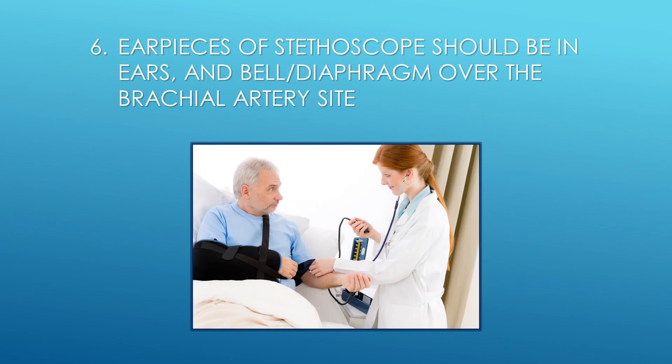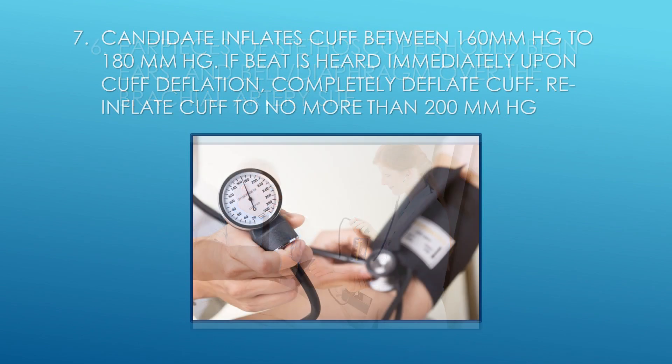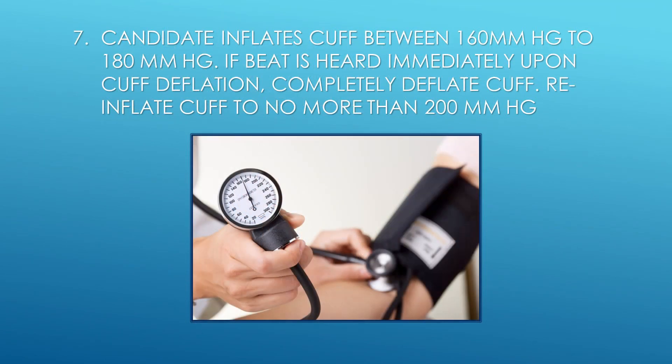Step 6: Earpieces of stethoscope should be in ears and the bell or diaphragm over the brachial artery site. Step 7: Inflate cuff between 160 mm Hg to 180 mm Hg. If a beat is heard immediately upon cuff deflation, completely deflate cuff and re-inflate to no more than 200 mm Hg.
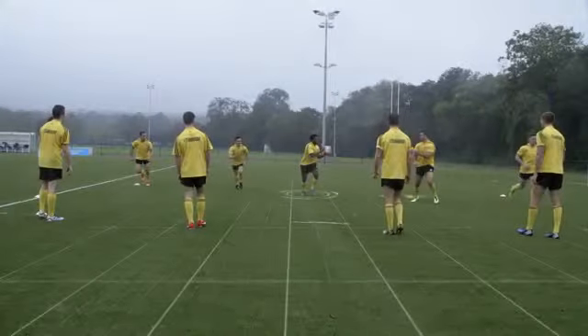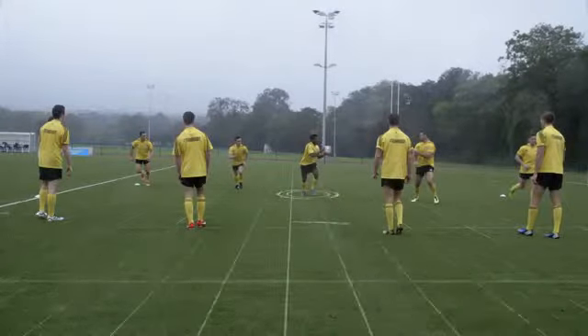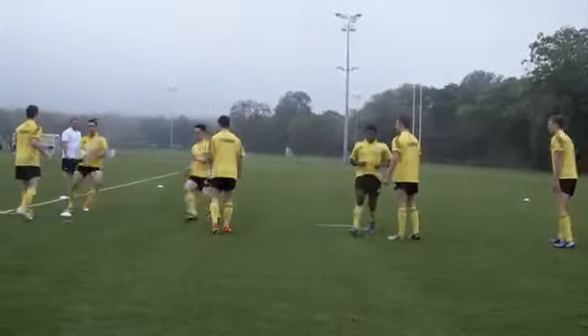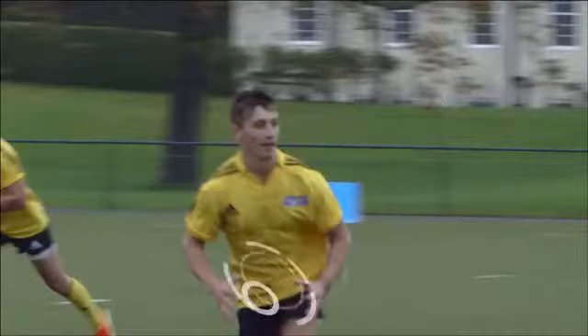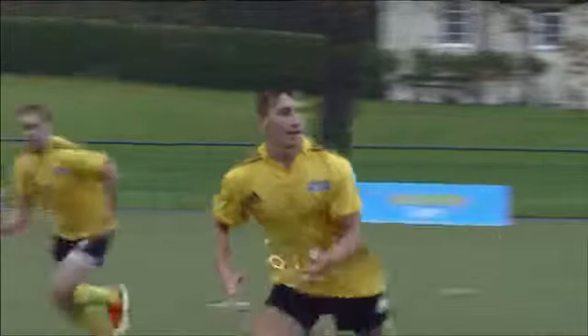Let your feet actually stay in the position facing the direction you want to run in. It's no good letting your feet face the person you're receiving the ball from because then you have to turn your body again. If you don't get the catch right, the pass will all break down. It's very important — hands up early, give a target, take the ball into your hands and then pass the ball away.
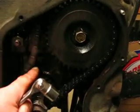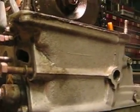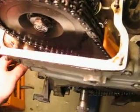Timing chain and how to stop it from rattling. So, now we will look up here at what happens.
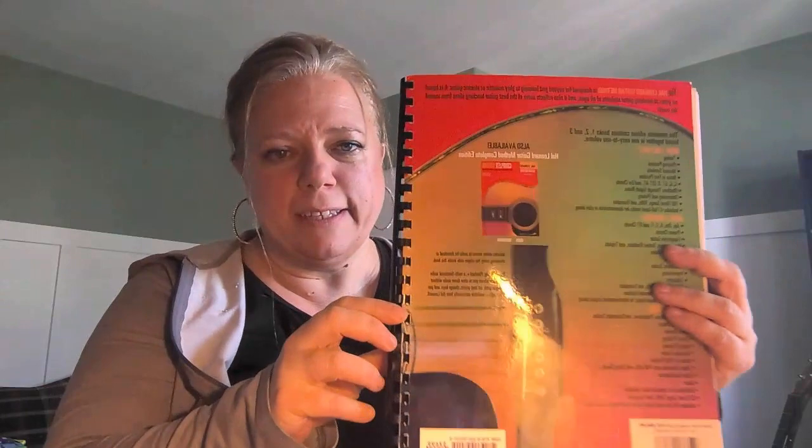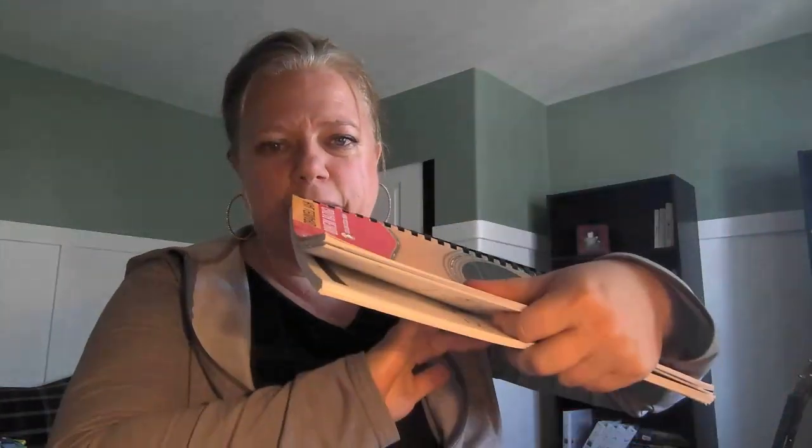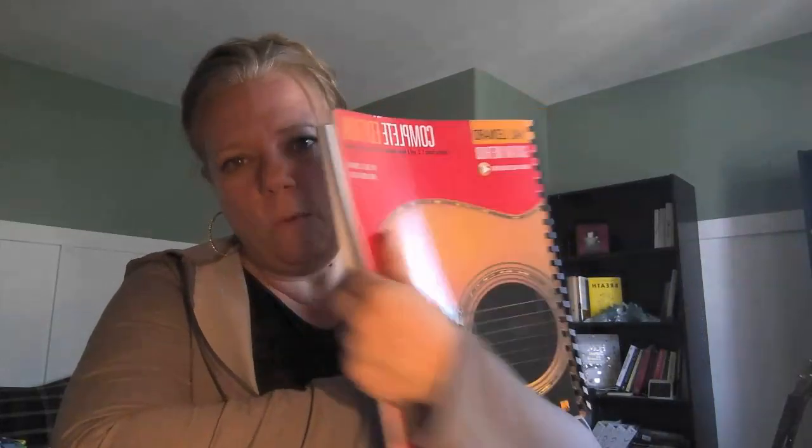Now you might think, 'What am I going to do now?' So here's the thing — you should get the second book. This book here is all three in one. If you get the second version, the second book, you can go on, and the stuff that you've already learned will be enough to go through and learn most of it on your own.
****************************************
The task:
Skipping any images, write out all the data exactly.

Answer section:
Step 6: Earpieces of stethoscope should be in ears and the bell or diaphragm over the brachial artery site. Step 7: Inflate cuff between 160 mm Hg to 180 mm Hg. If a beat is heard immediately upon cuff deflation, completely deflate cuff and re-inflate to no more than 200 mm Hg.
Let your feet actually stay in the position facing the direction you want to run in. It's no good letting your feet face the person you're receiving the ball from because then you have to turn your body again. If you don't get the catch right, the pass will all break down. It's very important — hands up early, give a target, take the ball into your hands and then pass the ball away.
Timing chain and how to stop it from rattling. So, now we will look up here at what happens.
Now you might think, 'What am I going to do now?' So here's the thing — you should get the second book. This book here is all three in one. If you get the second version, the second book, you can go on, and the stuff that you've already learned will be enough to go through and learn most of it on your own.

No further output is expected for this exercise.